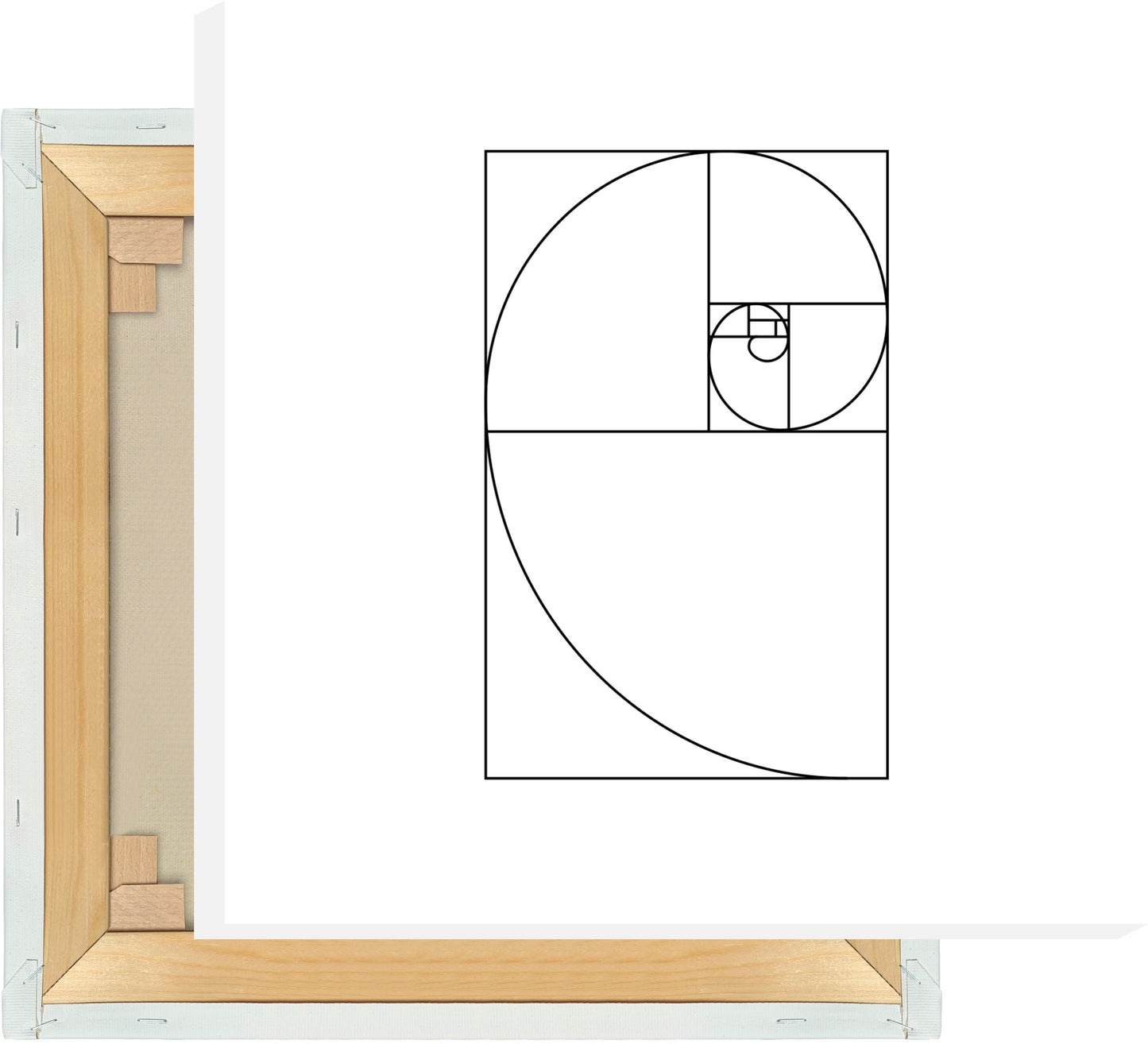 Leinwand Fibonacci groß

+-------+

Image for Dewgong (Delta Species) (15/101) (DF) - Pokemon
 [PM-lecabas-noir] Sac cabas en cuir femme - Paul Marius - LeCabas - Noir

+-------+

§ **Task**: Reproduce exactly the stretch of the material above that starts at the line with "Image for Dewgong" and ends at the line with "[PM-lecabas-noir] Sac cabas", both included, and nothing else.

§ **Result for this task**:
Image for Dewgong (Delta Species) (15/101) (DF) - Pokemon
 [PM-lecabas-noir] Sac cabas en cuir femme - Paul Marius - LeCabas - Noir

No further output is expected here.